For maximum stability, once the loading machine 5 is located in a desired location for working, the clamps 30 on the loader bases 22 and bridge bases 26 are all engaged to clamp the sidewall 13. The loading machine 5 and handling arm 7 are rotatably mounted with respect to the rail car loading assembly 3 such that the handling arm 7 can extend and operate in substantially any direction. All of the clamps 30 hold the rail car loading assembly 3 stable during operations.

The apparatus 1 further comprises a deck vehicle 40 having a deck 42 located at a deck end 44 thereof such that the deck vehicle 40 can be maneuvered to position the deck 42 adjacent to an end gondola car 15A of the string of gondola cars 15. Conveniently to maintain the relative positions of the deck 42 and end gondola car 15A, the deck vehicle 40 is coupled to the end gondola car 15A. As shown in FIG. 1 the deck 42 is located at a vertical loading position VLP such that the means 9 to move the rail car loading assembly 3 is also operative to move the rail car loading assembly 3 onto the deck 42.

The illustrated deck 42 comprises a pair of side members 46 that are configured substantially the same as the top edge 11 of the sidewall 13 of the gondola car 15, as best seen in the top view of FIG. 21. In this way, the loader bases 22 and bridge bases 26 engage the deck 42 by clamping onto side members 46 in the same manner as they clamp onto the top edges 11 of the sidewalls 13 of the gondola car 15.

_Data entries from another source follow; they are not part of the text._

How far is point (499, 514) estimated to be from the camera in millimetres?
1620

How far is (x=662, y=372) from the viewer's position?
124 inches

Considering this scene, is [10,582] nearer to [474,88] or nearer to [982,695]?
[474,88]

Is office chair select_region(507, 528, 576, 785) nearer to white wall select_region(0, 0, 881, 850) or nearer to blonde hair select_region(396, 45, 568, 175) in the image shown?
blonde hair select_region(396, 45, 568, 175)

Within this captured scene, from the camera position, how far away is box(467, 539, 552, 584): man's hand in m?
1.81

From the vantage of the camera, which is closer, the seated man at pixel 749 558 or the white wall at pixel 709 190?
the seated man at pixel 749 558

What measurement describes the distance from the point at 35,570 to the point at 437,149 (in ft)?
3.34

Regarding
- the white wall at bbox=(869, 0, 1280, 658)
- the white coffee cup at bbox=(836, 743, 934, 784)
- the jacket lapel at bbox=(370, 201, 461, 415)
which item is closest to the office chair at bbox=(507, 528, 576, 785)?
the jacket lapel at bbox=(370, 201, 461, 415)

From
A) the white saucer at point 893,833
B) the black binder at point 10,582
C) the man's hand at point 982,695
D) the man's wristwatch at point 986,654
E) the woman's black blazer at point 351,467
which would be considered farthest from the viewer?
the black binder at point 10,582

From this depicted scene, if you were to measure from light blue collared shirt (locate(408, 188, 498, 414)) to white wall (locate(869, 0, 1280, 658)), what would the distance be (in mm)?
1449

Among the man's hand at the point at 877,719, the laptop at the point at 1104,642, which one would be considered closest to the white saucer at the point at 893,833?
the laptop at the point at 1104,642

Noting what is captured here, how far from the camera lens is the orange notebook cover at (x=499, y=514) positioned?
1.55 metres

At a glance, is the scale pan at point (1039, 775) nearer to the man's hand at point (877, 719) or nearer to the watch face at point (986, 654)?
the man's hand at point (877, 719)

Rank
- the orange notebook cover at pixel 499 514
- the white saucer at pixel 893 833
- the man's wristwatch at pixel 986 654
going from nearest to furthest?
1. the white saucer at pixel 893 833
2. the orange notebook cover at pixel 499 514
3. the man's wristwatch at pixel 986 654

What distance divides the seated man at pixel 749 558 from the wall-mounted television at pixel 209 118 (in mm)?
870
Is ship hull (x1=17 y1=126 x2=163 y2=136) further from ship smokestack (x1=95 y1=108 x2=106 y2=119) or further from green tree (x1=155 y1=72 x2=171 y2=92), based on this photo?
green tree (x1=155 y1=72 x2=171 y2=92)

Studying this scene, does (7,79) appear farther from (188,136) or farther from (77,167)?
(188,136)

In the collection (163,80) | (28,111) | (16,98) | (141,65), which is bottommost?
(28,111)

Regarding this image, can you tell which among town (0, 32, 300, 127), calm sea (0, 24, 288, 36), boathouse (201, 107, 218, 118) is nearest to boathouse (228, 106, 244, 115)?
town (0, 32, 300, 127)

As illustrated in FIGS. 1–5 the rail car loading assembly 3 is walked across the gap 50 between the deck 42 and the end gondola car 15A in the same manner as it walks across the gap 17 between gondola cars 15 in a string. Thus the means 9 to move the rail car loading assembly 3 forward and rearward along top edges 11 of sidewalls 13 is also operative to move the rail car loading assembly 3 onto the deck 42.

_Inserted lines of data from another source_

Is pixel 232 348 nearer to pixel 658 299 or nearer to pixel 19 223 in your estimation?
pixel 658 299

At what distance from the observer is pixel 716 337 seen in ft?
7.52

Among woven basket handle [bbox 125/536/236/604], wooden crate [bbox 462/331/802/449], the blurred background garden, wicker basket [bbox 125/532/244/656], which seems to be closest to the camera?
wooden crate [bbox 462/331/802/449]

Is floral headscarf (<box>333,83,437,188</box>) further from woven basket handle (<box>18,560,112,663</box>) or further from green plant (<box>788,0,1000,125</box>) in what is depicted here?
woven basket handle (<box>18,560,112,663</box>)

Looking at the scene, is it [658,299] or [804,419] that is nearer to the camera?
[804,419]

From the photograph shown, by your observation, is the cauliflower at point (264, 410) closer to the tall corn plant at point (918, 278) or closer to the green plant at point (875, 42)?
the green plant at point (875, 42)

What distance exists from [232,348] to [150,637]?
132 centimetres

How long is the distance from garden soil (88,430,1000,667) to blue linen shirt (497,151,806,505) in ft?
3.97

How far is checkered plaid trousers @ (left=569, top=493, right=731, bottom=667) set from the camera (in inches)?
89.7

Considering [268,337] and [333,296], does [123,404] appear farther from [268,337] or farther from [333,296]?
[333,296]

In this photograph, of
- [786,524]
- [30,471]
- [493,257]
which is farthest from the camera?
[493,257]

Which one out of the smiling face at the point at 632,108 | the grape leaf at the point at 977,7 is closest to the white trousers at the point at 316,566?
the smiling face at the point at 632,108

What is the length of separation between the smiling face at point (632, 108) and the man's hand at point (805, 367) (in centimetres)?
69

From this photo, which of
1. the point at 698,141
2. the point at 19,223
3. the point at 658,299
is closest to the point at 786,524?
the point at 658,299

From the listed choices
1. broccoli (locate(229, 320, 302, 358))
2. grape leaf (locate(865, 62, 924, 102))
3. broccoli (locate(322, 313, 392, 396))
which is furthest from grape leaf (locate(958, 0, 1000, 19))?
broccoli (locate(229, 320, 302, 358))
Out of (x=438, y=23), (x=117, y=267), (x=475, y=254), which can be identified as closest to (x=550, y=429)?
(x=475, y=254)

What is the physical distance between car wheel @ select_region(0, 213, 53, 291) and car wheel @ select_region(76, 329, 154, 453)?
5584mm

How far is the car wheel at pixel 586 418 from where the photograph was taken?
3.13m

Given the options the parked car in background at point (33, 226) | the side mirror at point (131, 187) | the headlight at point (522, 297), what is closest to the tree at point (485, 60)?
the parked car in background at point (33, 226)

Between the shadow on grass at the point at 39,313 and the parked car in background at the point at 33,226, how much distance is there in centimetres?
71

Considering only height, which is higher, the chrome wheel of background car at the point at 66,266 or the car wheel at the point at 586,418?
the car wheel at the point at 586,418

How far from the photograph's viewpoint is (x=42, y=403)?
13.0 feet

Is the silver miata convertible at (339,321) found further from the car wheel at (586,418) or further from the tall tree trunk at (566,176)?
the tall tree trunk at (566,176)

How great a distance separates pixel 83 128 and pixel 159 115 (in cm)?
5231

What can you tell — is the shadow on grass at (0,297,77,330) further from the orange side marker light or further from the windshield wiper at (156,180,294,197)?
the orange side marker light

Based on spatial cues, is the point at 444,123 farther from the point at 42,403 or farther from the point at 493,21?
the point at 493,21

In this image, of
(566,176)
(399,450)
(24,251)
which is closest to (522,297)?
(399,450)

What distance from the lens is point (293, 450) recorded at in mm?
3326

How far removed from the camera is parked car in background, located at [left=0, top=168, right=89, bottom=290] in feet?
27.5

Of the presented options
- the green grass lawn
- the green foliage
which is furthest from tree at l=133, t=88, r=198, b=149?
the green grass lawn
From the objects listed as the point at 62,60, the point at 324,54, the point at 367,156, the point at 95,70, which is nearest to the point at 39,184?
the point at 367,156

Once the rail car loading assembly 3 is supported solely by the loader bases 22 on the deck 42, as illustrated in FIG. 5, the loader bases 22 are moved up, lowering the rail car loading assembly 3 as seen in FIG. 6. Actuators 48 are then used to lower the deck 42 and rail car loading assembly 3. As the deck 42 moves down as illustrated in FIG. 7, the bridge beam assembly 20 can be manipulated back and forth as required to clear the vehicle cab 52 and end gondola car 15A. The actuators lower the deck 42 and rail car loading assembly 3 into the vehicle transport position VTP of FIG. 8.

The illustrated embodiment shows the vertical loading position VLP of the deck 42, as seen in FIG. 1, as being in proximity to a vertical location of the top edges 11 of sidewalls 13 of the end gondola car 15A. Alternatively it is contemplated that the deck 42 could be somewhat lower and the jacks 24, 28 longer however by raising the deck 42 up near the top of the end gondola car 15A, improved stability is realized.

Other rail car loading assemblies are known in the art that are operative to move back and forth along a string of rail cars such as that disclosed in U.S. Pat. No. 4,099,635 to Leonard et al, as described above. It is contemplated that such other assemblies could provide the means 9 to move the rail car loading assembly 3 forward and rearward along top edges 11 of sidewalls 13 and also be operative to move the rail car loading assembly 3 onto the deck 42.

The rail car loading assembly 3 may be moved to a new string of gondola cars 15 in the vehicle transport position VTP on the deck 42 of the deck vehicle 40. Typically however the rail car loading assembly 3 will still be too high to travel unrestricted on public roads. FIGS. 9–16 illustrate the transfer of the rail car loading assembly 3 from the deck 42 of the deck vehicle 40 to a second vehicle illustrated as a trailer 60. The means 9 to move the rail car loading assembly 3 is also operative to move the rail car loading assembly 3 from the vehicle transport position VTP on the deck 42 to a lowered trailer transport position TTP on the trailer 60 that is lower than the vehicle transport position VTP. In the trailer transport position TTP a top 62 of the rail car loading assembly 3 is less than 13.5 feet above the ground, allowing travel without special permits on public roads in many jurisdictions. The trailer 60 can be attached to any road vehicle for convenient and quick travel on public roads to any other location where it might be required. In the illustrated embodiment the deck vehicle 40 is a road rail vehicle having wheels 41 suitable for travel on rails, and wheels 43 suitable for travel on roads, and mechanisms to raise and lower the wheels 41, 43 as required for a desired mode of travel.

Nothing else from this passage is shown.